Это когда Валька, придя в себя, стал по-новой в пиджак облачаться (вероятно, в крови у штатных сотрудников КГБ – без пиджака ни шагу! а как же без него, если под ним кобура, даже если пустая!., то есть и кровь почти вся вытекла из офицера Головнина, но последние капли вопият: ни шагу без пиджака!).
– Живей! – гаркнул Лихарев.
– А ты меня Родиной не запугивай, понял?! – вполголоса процедил Валька и свойски подмигнул афганскому товарищу по оружию, Боярову Александру Евгеньевичу.
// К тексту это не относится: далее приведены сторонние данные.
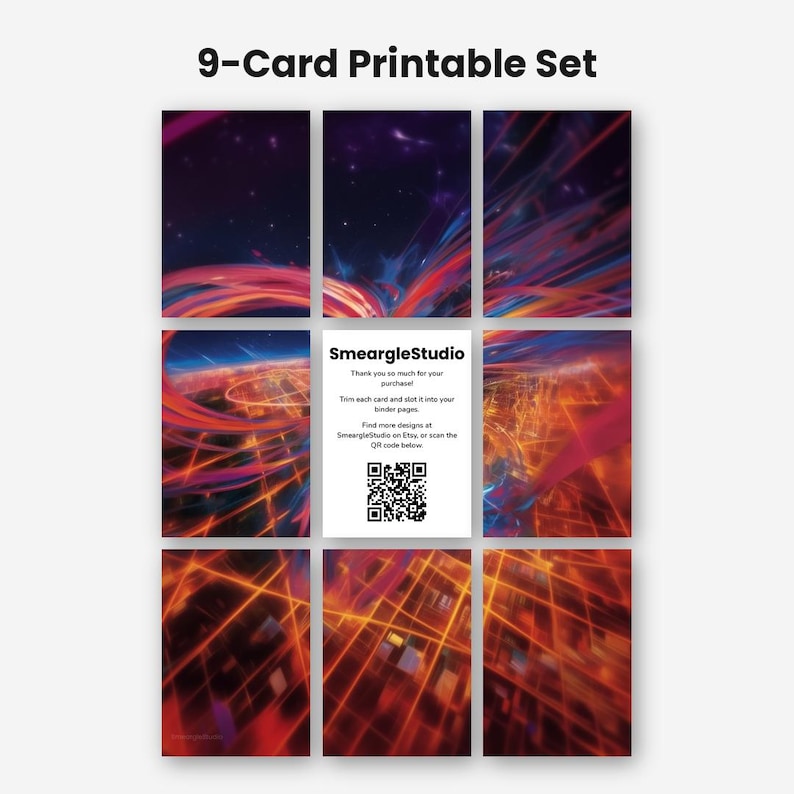May include: A 9-card printable set featuring abstract digital art with vibrant red, orange, and blue light streaks against dark backgrounds. The centre card is white with black text reading SmeargleStudio, instructions, and a QR code.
(Для непосвященных, не нюхавших Афгана: страшней угрозы не было, в устах старшего офицера, чем «В двадцать четыре часа отправлю на Большую Землю!» – то есть обратно, в Союз. Что там какие-то наряды вне очереди! И взъерепенившийся штрафник пер на рожон: «А ты меня Родиной не запугивай!». Парадокс! Хм, разумеется, парадокс для тех, кто не нюхал Афгана).
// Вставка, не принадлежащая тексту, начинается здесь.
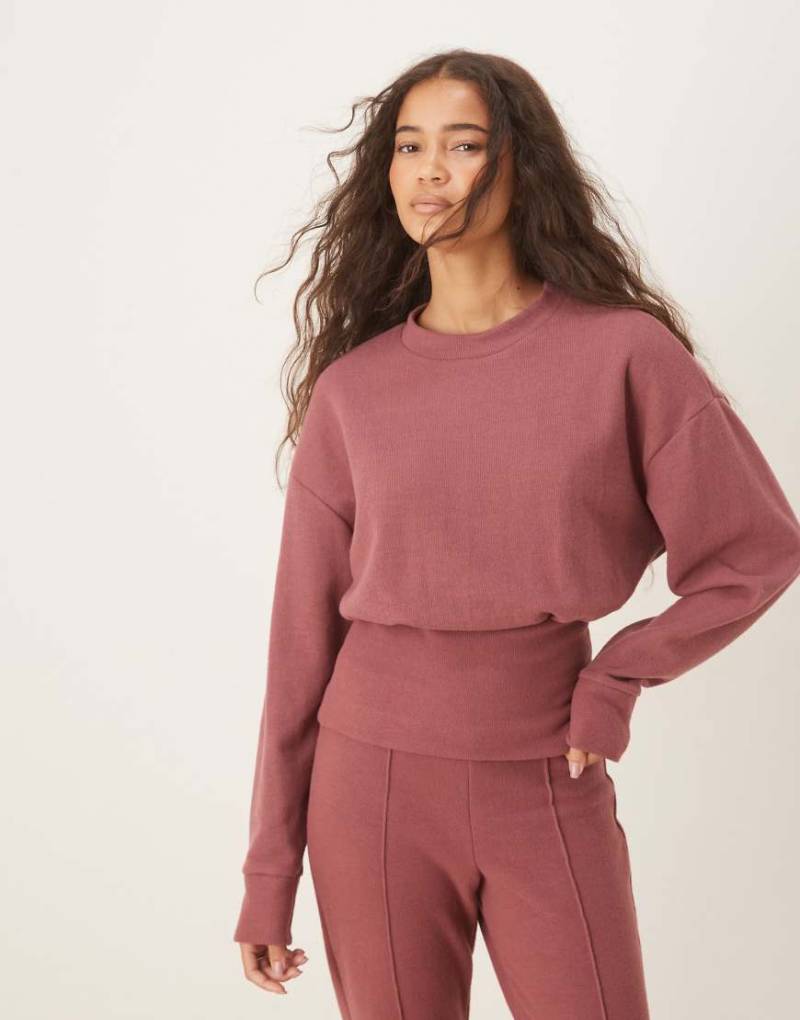 ASOS DESIGN - Superweiches, langärmliges Oberteil in Altrosa mit Korsett-Taille-Brown von ASOS DESIGN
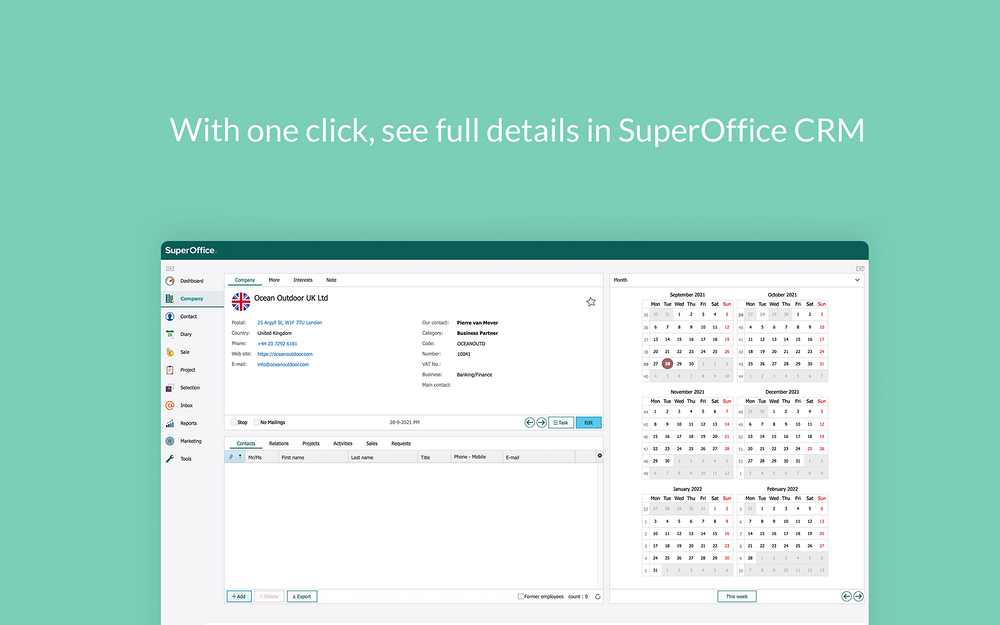 SuperOffice for Slack settings interface — Sales app on the Slack Marketplace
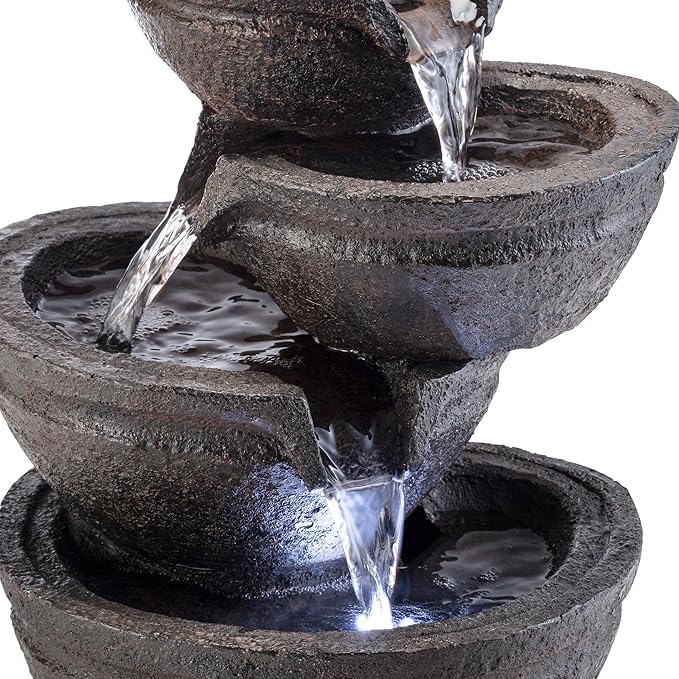 Alpine Corporation WIN1138 13" Indoor Tabletop Tiering Bowls Water Fountain with LED Lights – Cascading Water Feature for Home, Office, Meditation, and Relaxation, Dark Gray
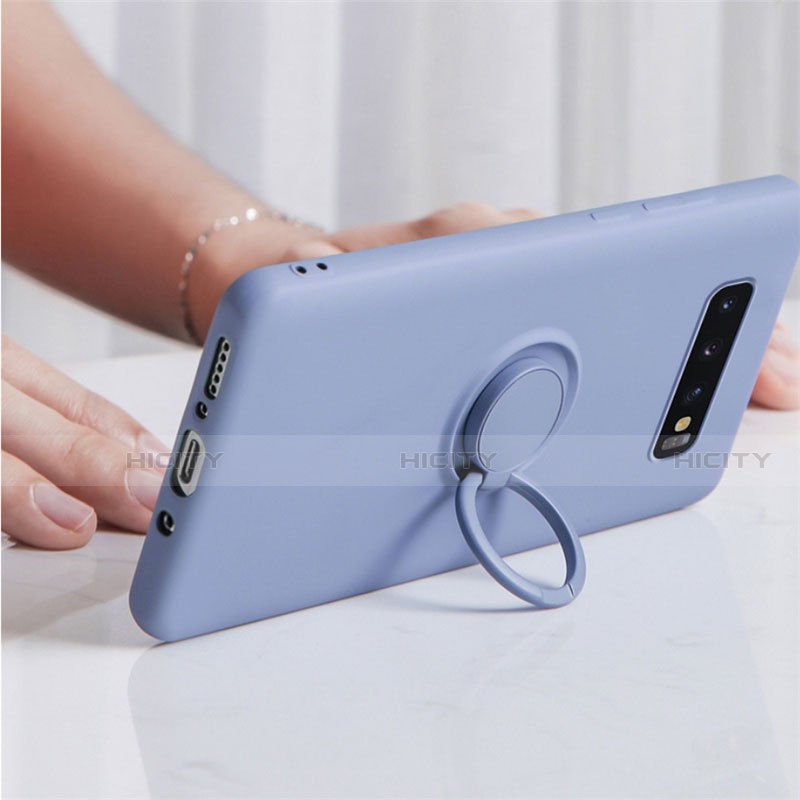 Funda Silicona Carcasa Ultrafina Goma con Magnetico Anillo de dedo Soporte T03 para Samsung Galaxy S10 Plus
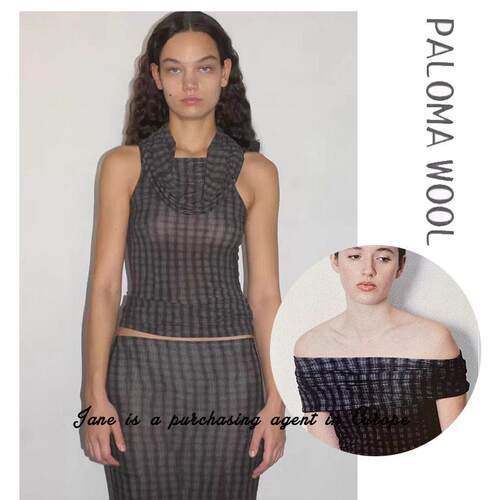 国现 西班牙直邮 PALOMA WOOL 纯欲Rizzo格子印花垂领背心上衣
Нет, не товарищ ты мне, Валентин Сергеевич Головнин. Или Смирнов? Степан Сергеевич? Я – почти гражданин США, а ты – и есть сукин сын отечества, пугающего любого цивилизованного человека хотя бы существованием подобных Головниных-Лихаревых. Ожил? Взбодрился? За работу! Не так энергично, не так рьяно! Ишь, раззудись плечо, размахнись рука! Время надо тянуть! Понял? Ва-лен-тин!
Он не понял. Он даже чуть не брыкался прикованной ногой, когда я пытался притормозить, некоторым образом снизить накал трудового энтузиазма. Оно конечно, любой труд почетен, но вдохновенно грузить трупы в бездыханный автомобиль под присмотром двух стволов, догадываясь о сходном будущем для себя… как-то н-не греет.
Погрузили, утрамбовали, дверцу захлопнули.
Лихарев, не отводя от нас взгляда, махнул командно залысому подручному. Тот нажал на кнопку – мостовой кран пришел в движение, навис над нашими головами. А на конце троса – не крюк, но этакая загребущая клешня-хваталка.